Monday, April 25, 2016

Night Shirts Quilt

I dreamed of a blue and gray bed quilt.

Squares in a square, and then it kind of developed into "split squares in a split square".

So much for the gray--the blues ran away with this quilt.

I dug into the 1/4 yard and 1/2 yard remnants.  My goal is to reduce my scraps/remnants by making one scrappy queen size quilt each month.  So far, 5 quilts finished.  But really, the count is 6 queen size quilts since the beginning of the year I'd forgotten about--one I built for an artist friend Sue with kaleidoscope blocks, yo-yos and hand stitched beaded prairie points called "Folk Art Quilt" pictured below.

Because I added yo-yos to this quilt (while quilting it) I had to move the take-up rail upwards to make room for the extra yo-yos adding to its thickness.  The rolled up quilt kept getting fatter and fatter as I quilted.  I needed extra space under the take-up rail.

Moving/messing with the take-up rail caused me lots of problems on subsequent quilts.  I moved the too tall take-up rail down for the next quilt.  But this adjustment made the quilt frame out of square.  I learned a good lesson, but it I was slow to process what was going on.  Problems coming my way.

I couldn't get my head around why I was tugging and snugging at my next quilts during the long arm process.  I checked quilt frame level and it was perfect.  Here's the deal though.  Listen closely, and pretend your shoulders are the take-up rail . . .

Now stand up straight as you can, hands at your side.  Nice and straight shoulders you think?  How about curling your left shoulder inward about 1/4".  Go ahead, curl your shoulder slightly forward.  Now, your shoulder is not square.  I was driving my quilt slightly sideways down the road.  All the tugging and snugging I did, trying to keep things in line while I quilted was puzzling to me, but I wasn't understanding why.

This is how you can screw up your machine timing, and the position of the stitch finger.  Ask me how I know, and better yet ask me how much it cost to repair it.  Ugh.

Jon squared my quilt frame for me on Sunday.  He cut me a wood tool too, to check distance from the left, right, middle of the belly bar to the take-up rail.  He scribed Sharpie lines at the left and right uprights on the belly bar and take-up rails . . . to give me an opportunity to check and double check before I start a project.  It is another couple things to add to my start up checklist.  But that's ok.  Lesson Learned.  Did I tell you my serger died last Monday?  Oh my, what a week!

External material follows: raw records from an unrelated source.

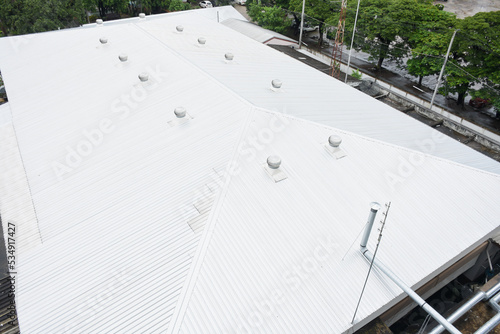 Принти на полотні Metal roofing in commercial construction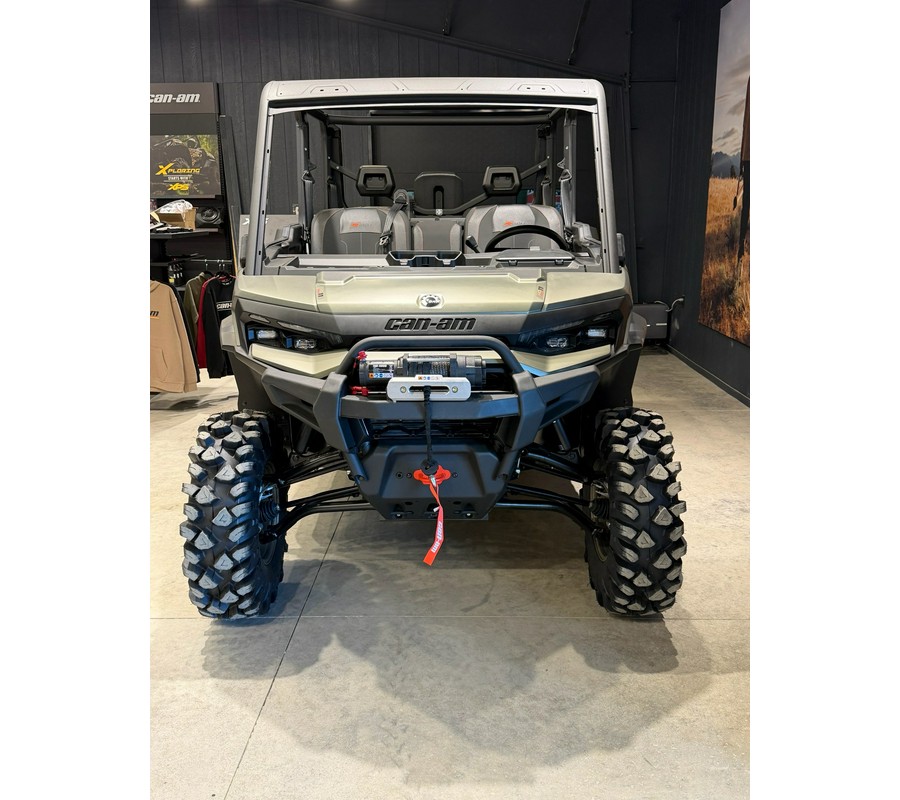 2026 Can-Am Defender MAX X MR HD11 With Half-Doors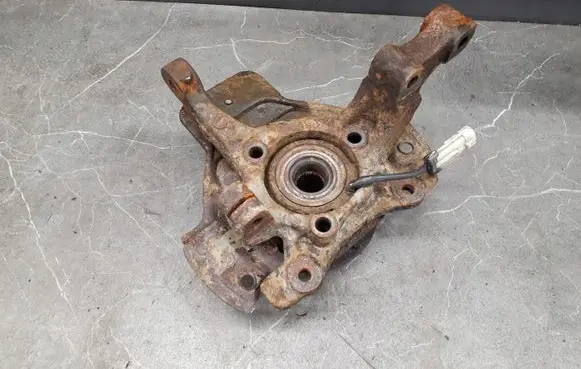 Opel Astra G Front wheel hub spindle knuckle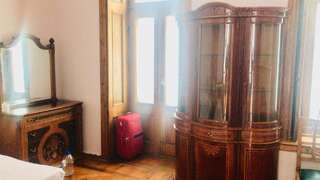 Хостелы The Punjab Residency Баку Семейный номер с балконом-1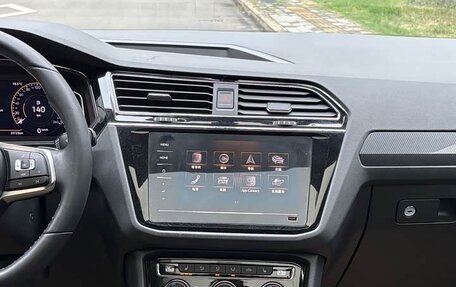 Volkswagen Tiguan II, 2023 год, 2 850 000 рублей, 12 фотография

Ok--now let's get on to the photos of Night Shirt Quilts.  It turned out fine, I got my long arm machine repaired.  Wonderful work performed by Ken from Green Bay, the sewing machine whisperer.  I re-loaded the quilt and finished hand stitching binding Saturday night.  Done.

Feather Bouquet, free style edge to edge - free motion quilting

taking the beast off the frame

backing features art panel of left over blocks from the quilt top

Time to Rest!

I love the double border.  Used up sub-assemblies from the smaller split squares, sewed them end to end to create border.  Bye, bye, scraps. 

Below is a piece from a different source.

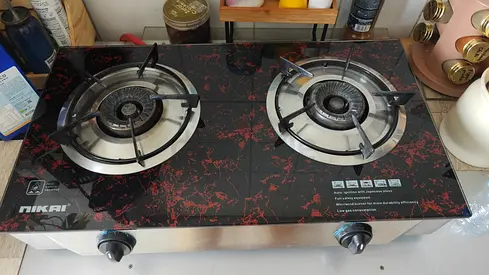 Nikai 2-Burner Glass Top Gas Stove — Execellent Working Condition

I bid a fond farewell to a particular fabric.  Navy with small turquoise paisley.  You are gone now, used up in several scrappy quilts.  I loved you, you little bugger.  I will miss you.

Thanks for stopping by my blog.  


  1. I like it! Isn't it fun to watch a quilt take on a life of its own and just run away with it? (Or am I the only one?) LOL!

  2. Very nice. I bet it slept wonderfully!!!

  3. Another beauty ! I'm still oohing and awing over the last one :-)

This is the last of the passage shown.